**EXTRACTED ENTRIES**

● ● ● ● ●

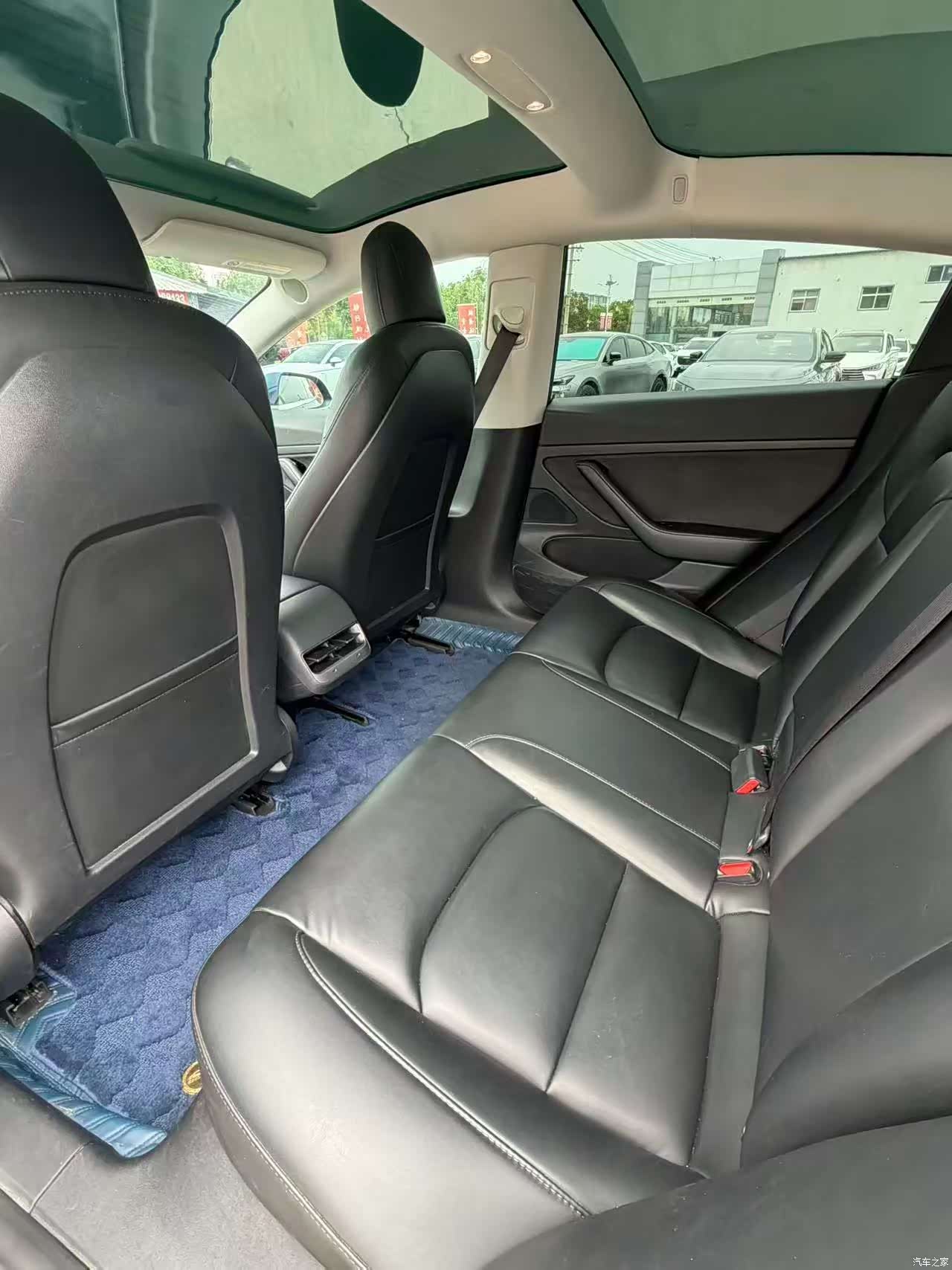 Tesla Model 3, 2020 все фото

● ● ● ● ●

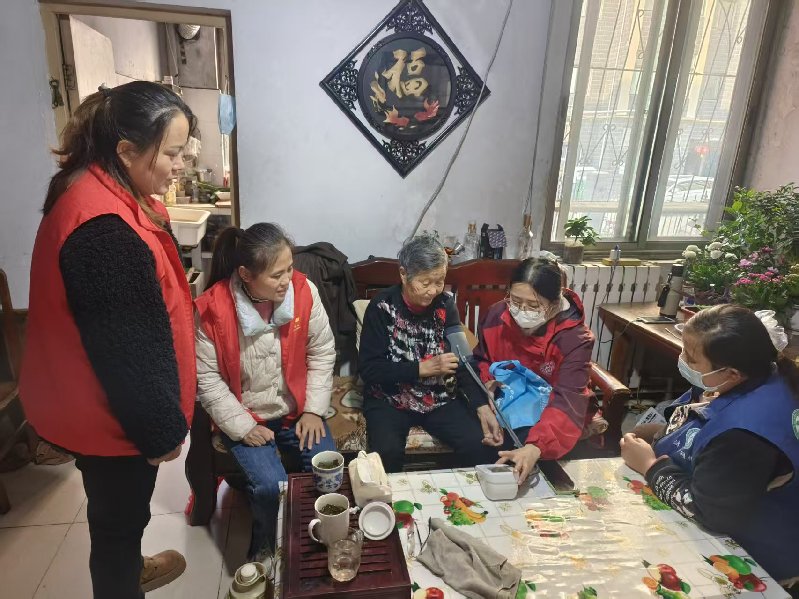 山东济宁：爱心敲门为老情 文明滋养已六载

● ● ● ● ●

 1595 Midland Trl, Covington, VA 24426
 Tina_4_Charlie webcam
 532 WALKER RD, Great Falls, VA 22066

● ● ● ● ●

**TASK**
From the records above, copy out the line with "Tina_4_Charlie webcam", the line with "532 WALKER RD, Great Falls, VA 22066", and every line between them, word for word.

**ANSWER TO THIS TASK**
 Tina_4_Charlie webcam
 532 WALKER RD, Great Falls, VA 22066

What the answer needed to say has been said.